序−自分を取り巻く環境が大きく変化している時、それでも、それに対処することなど考えず、このままで大丈夫だと安逸に逃避する人がいます。人は、変わるよりも、心の安逸主義に陥りがちです。このままうまく行く、思うようになるはずだという勝手な思いを持つのです。ユダの神の民もまた、このような安逸主義に陥っていたのです。

T−安逸な女性たち−9〜10
 アッシリアの侵略に備えて、指導者たちがエジプトに頼り、間違った導きをして、南ユダ王国を滅びに向かわせていた時、女性たちはどうしていたのでしょう。9節。女性たちは、「のんきに、うぬぼれていた」というのです。女性たちがのんきでいた理由はなんでしょう。知らなかったか、気に留めなかったようです。まもなくアッシリアが攻めて来て、エルサレムも廃墟となるということを知らなかったために、のんきにしていたのです。うわさ話にはのぼっていても、あんまり気にしていなかった。私たちのエルサレムが陥落するはずがないとうぬぼれていたのです。

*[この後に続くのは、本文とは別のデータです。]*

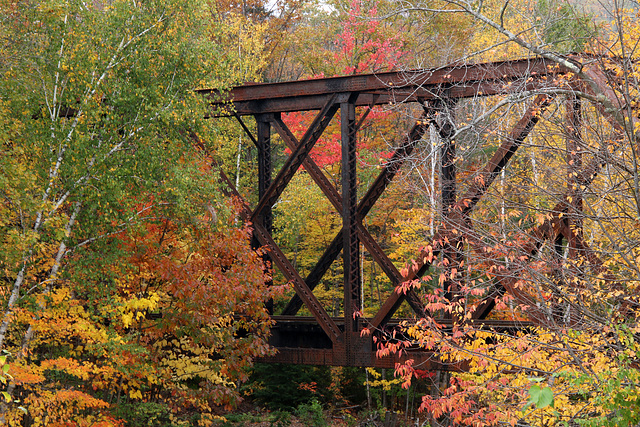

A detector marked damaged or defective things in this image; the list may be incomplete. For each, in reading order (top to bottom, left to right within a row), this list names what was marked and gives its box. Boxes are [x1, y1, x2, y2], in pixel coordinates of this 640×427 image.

rusted steel beam [201, 58, 564, 116]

 どうして、指導者でもない女性たちに警告されているのでしょうか。女性たちは家庭を預かり、支えている人たちです。その家庭の要が、のんきに、うぬぼれていたなら、民全体がそうなるからです。国の指導者たちよりも、重要だということです。為政者たちが罪に陥っていても、国全体がそうなることはないのですが、女性たちが神様から離れ罪に陥っていたなら、深く家庭の中に罪が浸透します。影響力は、大きいのです。国や地域を良くするのも女性たちにかかっています。

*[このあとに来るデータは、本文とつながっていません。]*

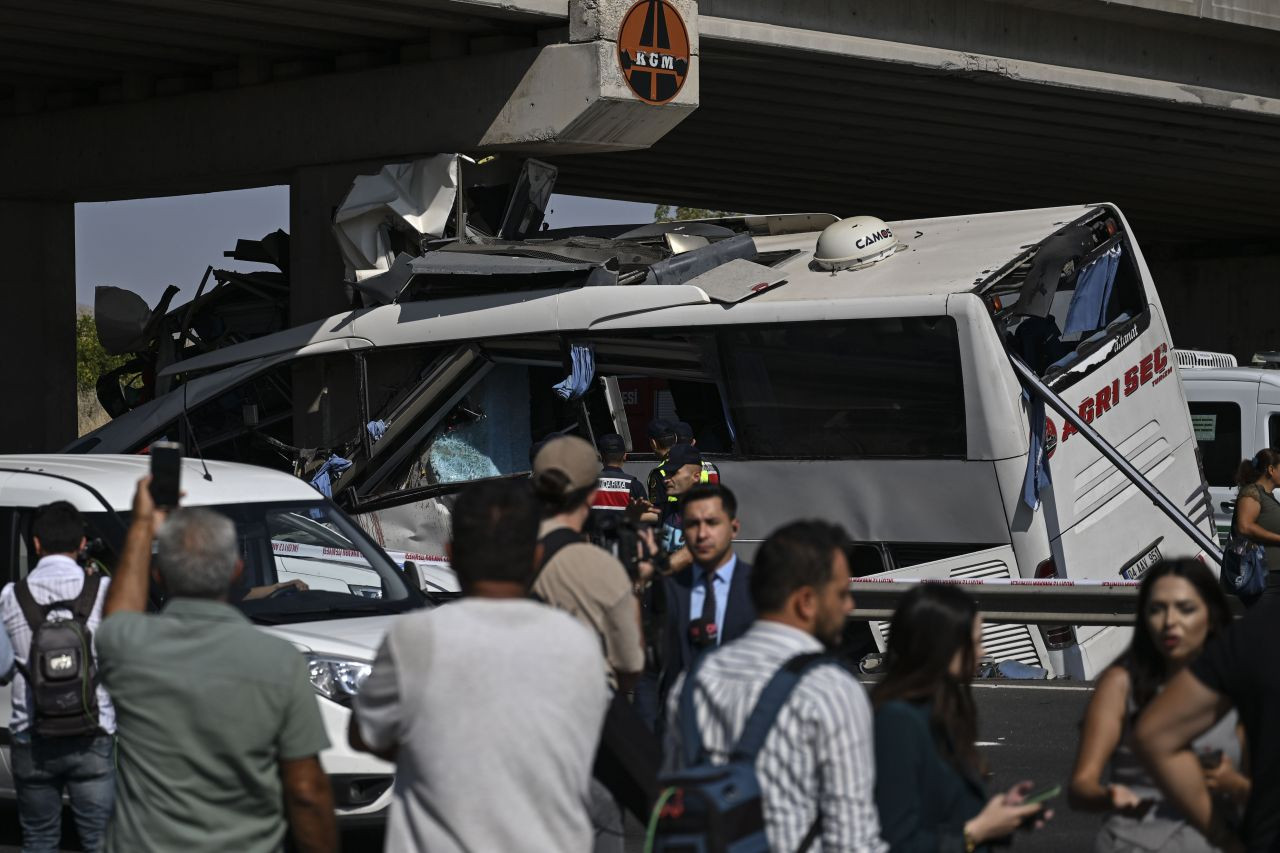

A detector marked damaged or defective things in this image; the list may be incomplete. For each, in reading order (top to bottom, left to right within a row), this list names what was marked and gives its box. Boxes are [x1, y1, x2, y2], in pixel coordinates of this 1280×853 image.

 元々預言者が男性たちに神様の御言葉を伝え、男性たちが家の者たちに教えるようになっていました。しかし、今や民の置かれた状況は、危急存亡の時です。女性たちがしっかりして、その危機に備えなければならなかったからです。一年後にはどうなると警告されていますか。10節。今ブドウがたわわに実っているけれども、来年には収穫がなくなる、取り入れもできなくなるというのです。

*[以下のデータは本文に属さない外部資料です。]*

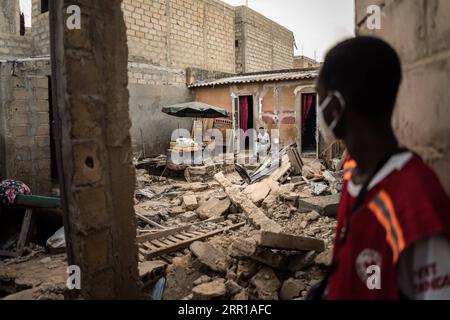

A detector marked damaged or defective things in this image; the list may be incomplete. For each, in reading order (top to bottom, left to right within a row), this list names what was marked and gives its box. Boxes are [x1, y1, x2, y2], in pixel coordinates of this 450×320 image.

broken roof [189, 67, 320, 88]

 考えられる理由は、気候の変動で収穫できなくなることです。そうでなければ、彼ら自身がどこかへ行ってしまい、刈り入れができなくなることです。つまり、侵略されて、どこか遠いところへ連れて行かれるということです。このままのんきに、うぬぼれていることはできないぞと警告されています。
「のんき、うぬぼれ」という思いは、自分中心であり、別に変わらなくてもいい、何とかなる、私は特別だ、自分の思うようになるだろうという肉の思いです。人の肉の思いは、自分が変わりたくない、このままでいい、何とかなるだろうという安逸主義に陥らせます。しかし、それは、私たちを罪の縄目でしばり、私たちを滅びに向かわせるサタンの誘惑です。
 他の人々もそのように生きているのだから、死後のことは考えないで、今がよければいいなどと考えるのです。でも、永遠のことが分かってこそ、天国の確信があってこそ、今をしっかり生きることができます。イエス様の十字架が私のためだと信じてこそ、罪の縄目から解放され、新しいいのちで生きることができるようになります。今というときにイエス様を信じてください。Uコリント6:2。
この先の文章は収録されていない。